ただ、もともと依頼された日には、いくつかの仕事が決まっていたので、それをまず、説明し、変更しなければならなかった。
幸いに、変更は可能だった。で、昨日、その依頼人から呼び出され、カフェでその仕事について話しを訊いたら、何か、歯切れが悪い。
「そうなると、辻さんの選択肢はこれとこれになります」と言われた。
ぼくは仕事を依頼はされたが、お願いした側ではないので、これは雲行きが変だな、と直観した。
事務所も全く、ぼくに丸投げの案件なので、ぼくが判断をしないとならない。
依頼人は最近知り合った人で偉い人だから、無碍にもできないし、ここでぼくが無粋に事を進めると、紹介してくれた人に迷惑がかかるのもいけない。
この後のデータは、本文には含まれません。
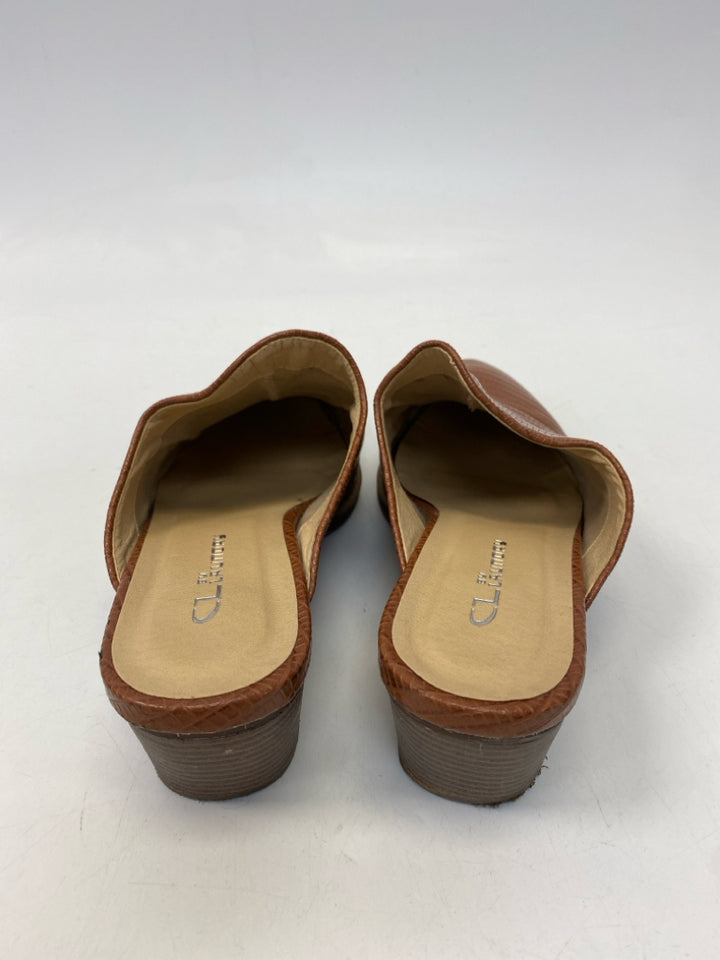 Size 9 Brown Embossed Clogs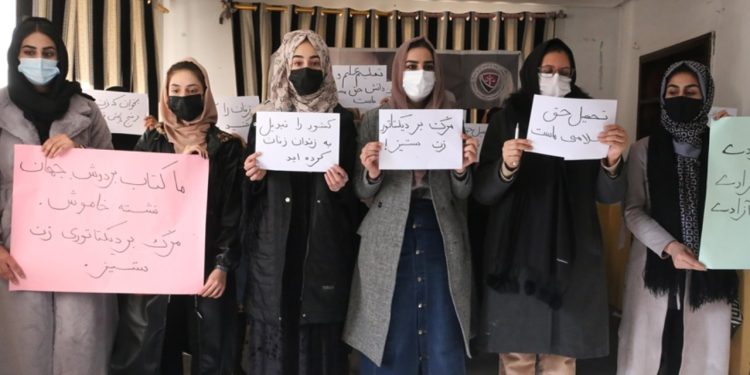 Taliban’dan kadınlara üniversite sınavı yasağı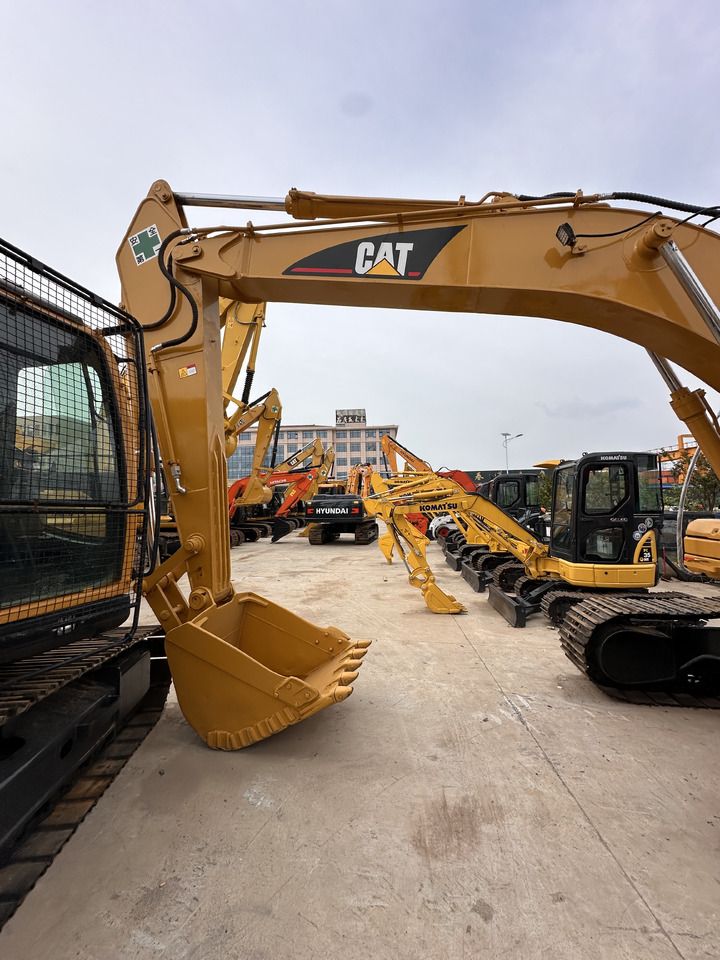 2024 Caterpillar 320CL гусеничний екскаватор, боковий профіль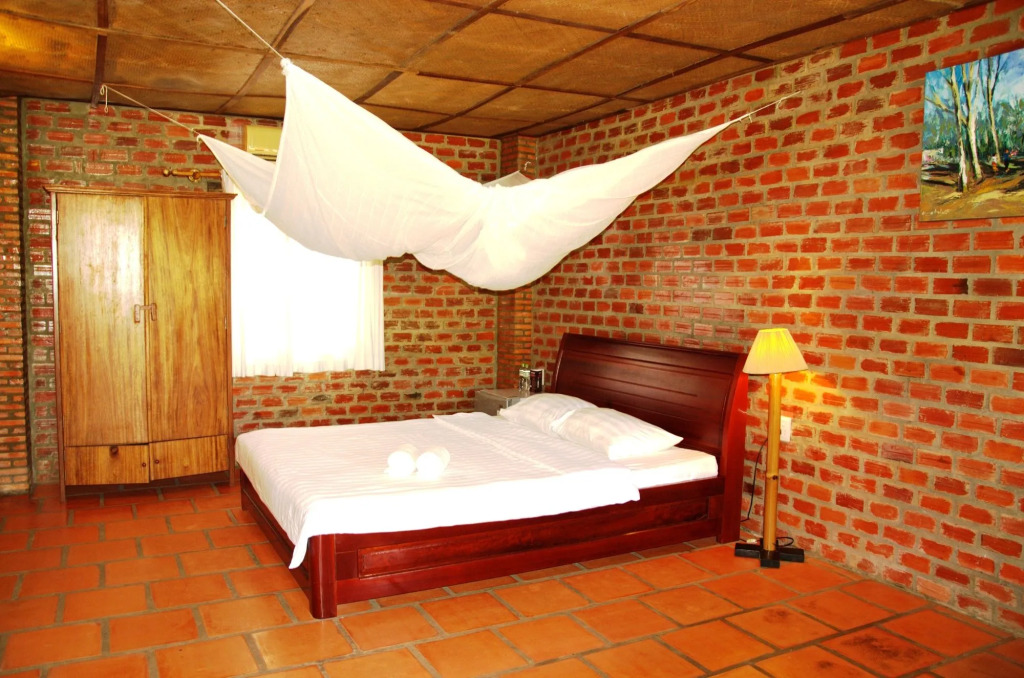 Mai Spa Resort
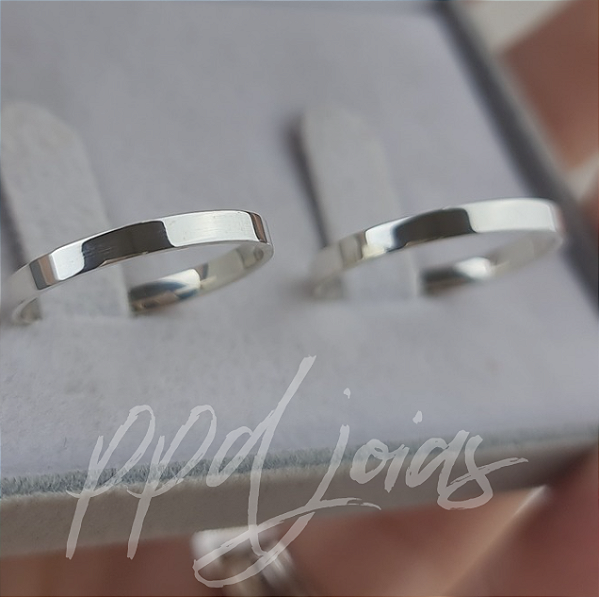 Par de Aliança Milão (2mm) - Prata 950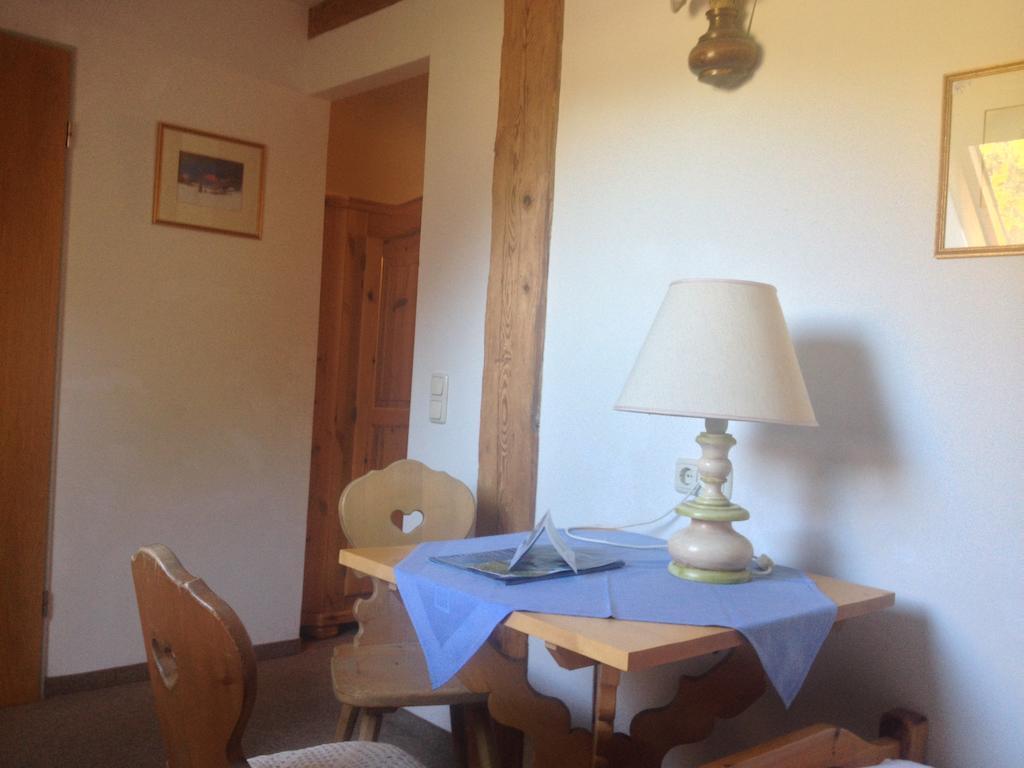 Gasthof Blaue Gams Ettal Zimmer foto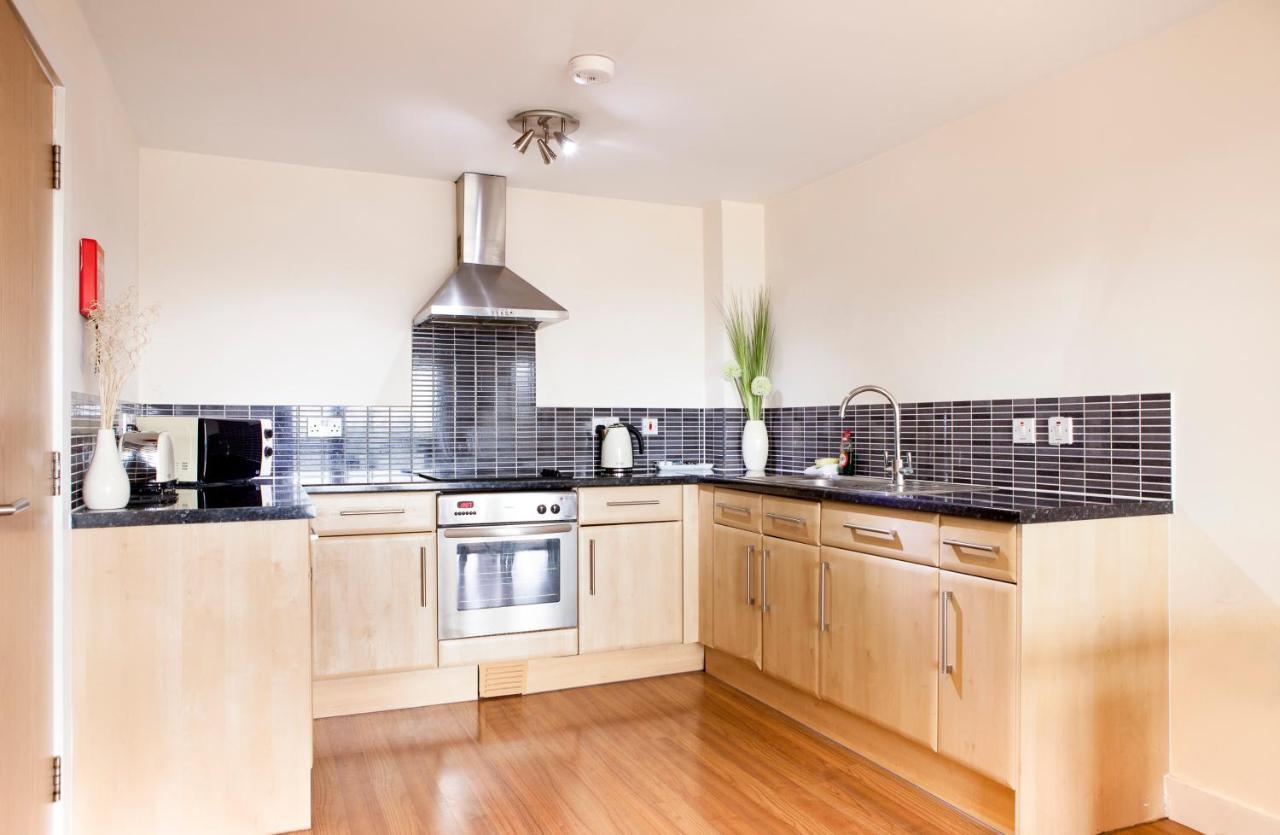 Millennium Plaza By Swa Apartment Cheltenham Bagian luar foto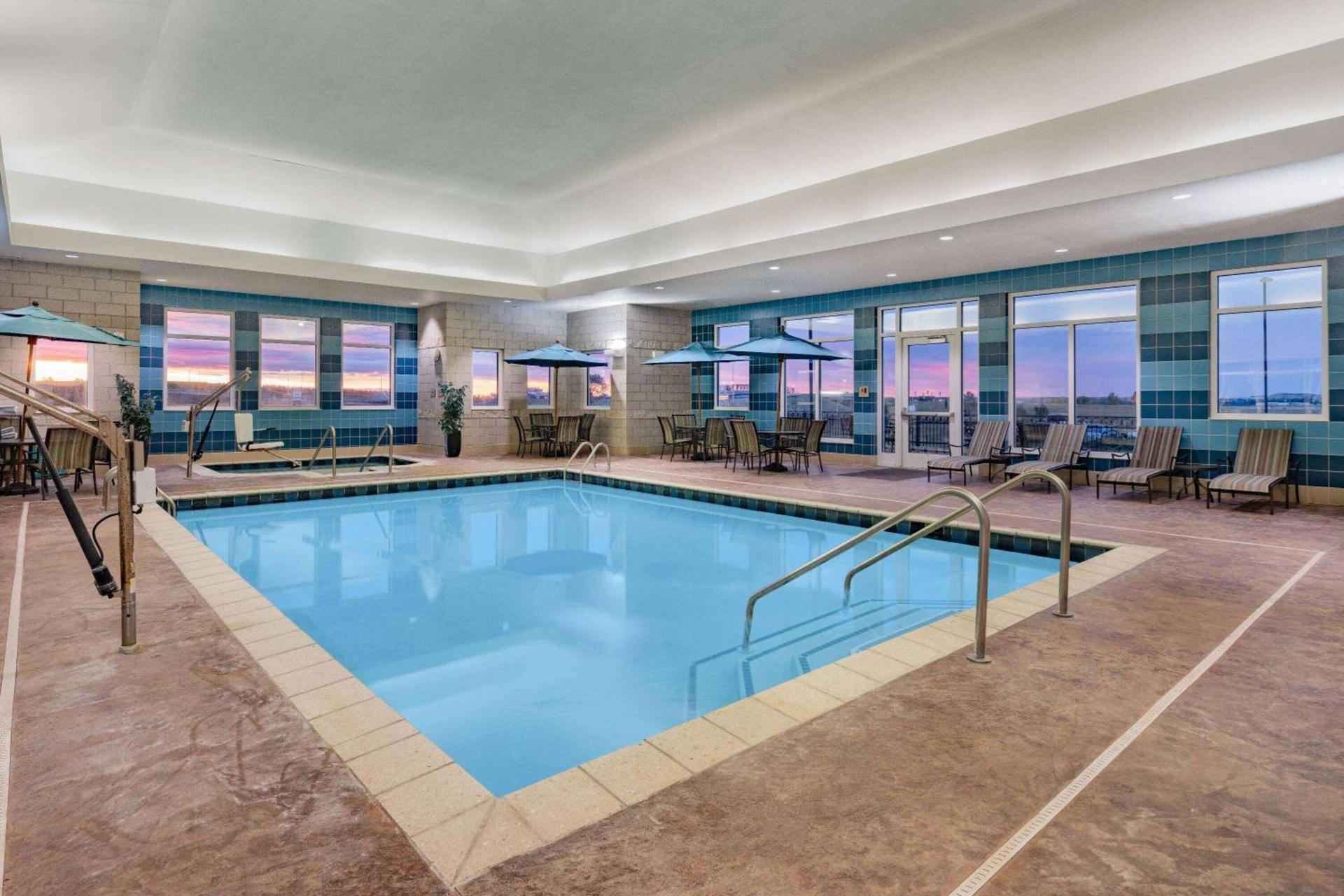 Hawthorn Extended Stay by Wyndham Dickinson photo 7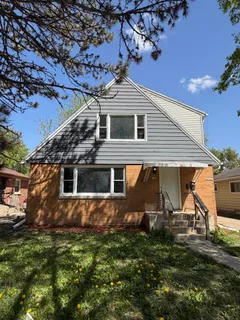$220,000 | 4554 North 49th Street, Milwaukee, WI 53218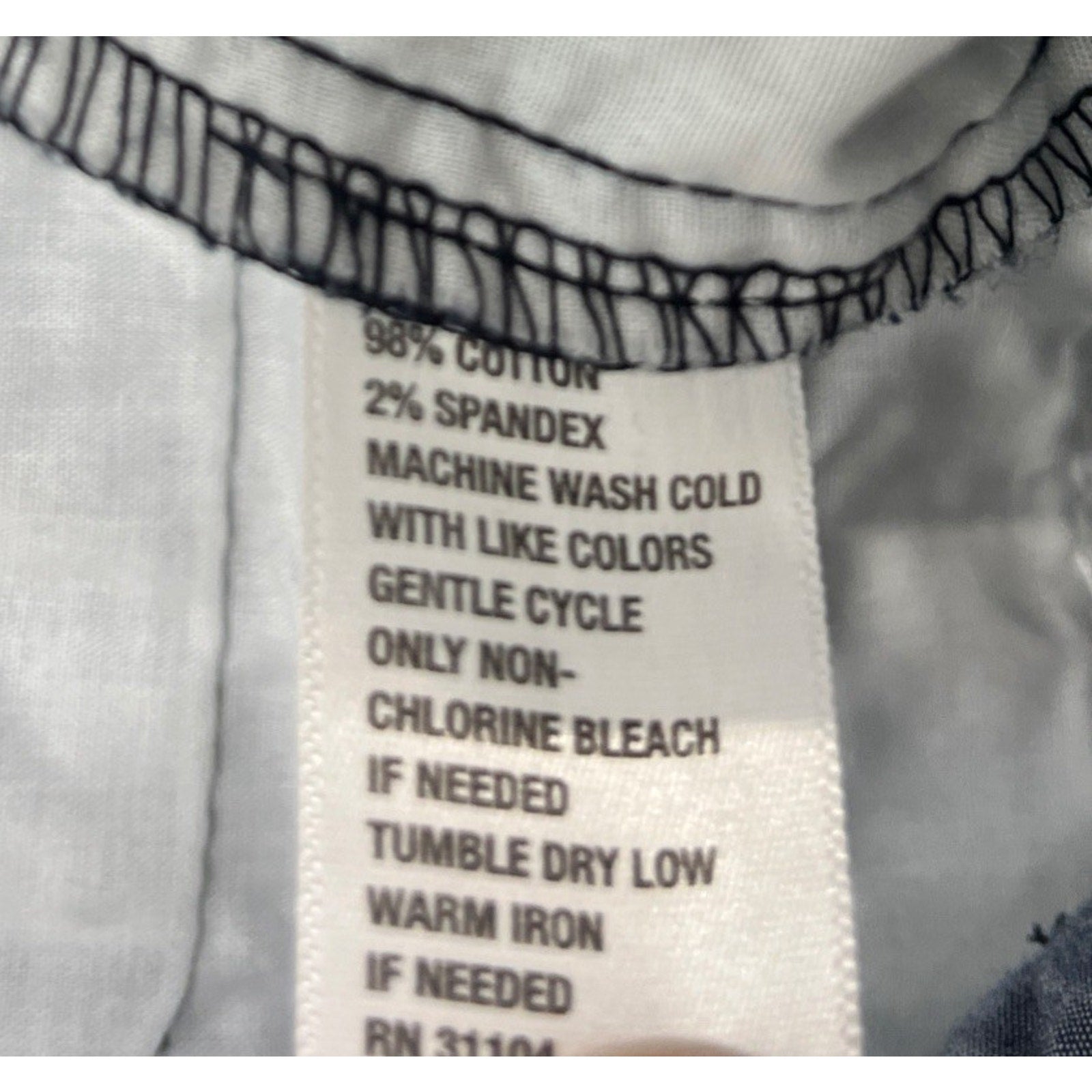 Crown & Ivy Women's Sz 12 Elephant Print Shorts Chino Dark Blue White 32x8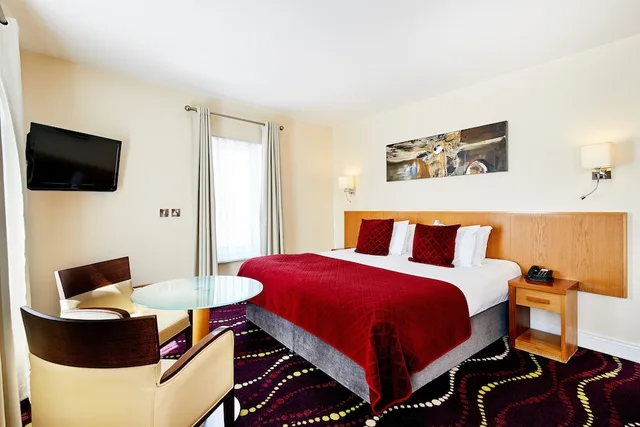 غرفة بسرير كينج، Arlington Hotel 1/2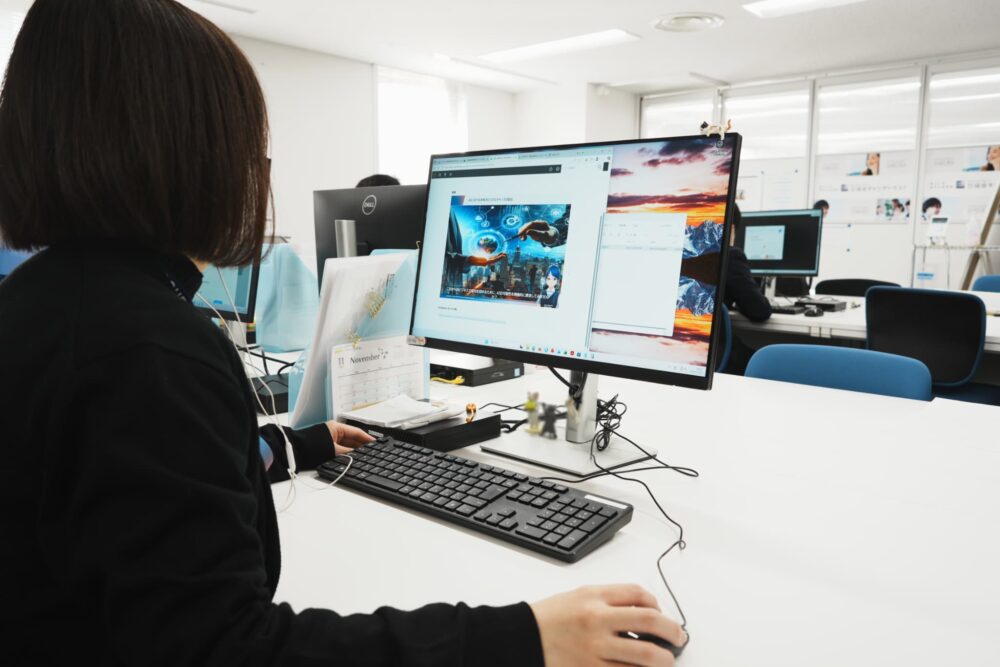 女性オペレーターがPC業務をしている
ぼくが今日、お話しをしたいのは、どうやって、このような複雑な立場の時に、自分の誇りを守り、相手を傷つけないか、という方法である。
仕事をすると必ずこういう場面に出くわすことがある。「人生あるある」である。
いつも、何もかもがスムーズというわけにはいかない。
カフェに着席をして、10分くらいの雑談のあいだに、依頼人は現状を説明した。
その中に、ぼくの居場所はほぼなかった。
ぼくはお茶を濁すような仕事はできない。さて、困った。
この程度、といってはならないけれど、最初に広げられた風呂敷が巾着くらいの小ささに萎んだうえに、逆にそのプロジェクトで邪魔な存在になるなら(ぼくは還暦過ぎのおやじだし、間違いなく扱いにくい年齢なのだ)、これはまず、自分のことを考えるとやらない方がよい、と思った。
さらには、彼はそれを切り出したいのだけど、いい人なので、困っているのが顔の端々に出ているのも、見てとれた。口元が細かく震えているし、だからか、笑顔が強張っている。
どんな時にも、冷静になって、世界や状況を見極めるのは大事である。じゃあ、この話しをどうやって無事に着地させるべきか、ぼくはぼくなりに、考えなければならなかった。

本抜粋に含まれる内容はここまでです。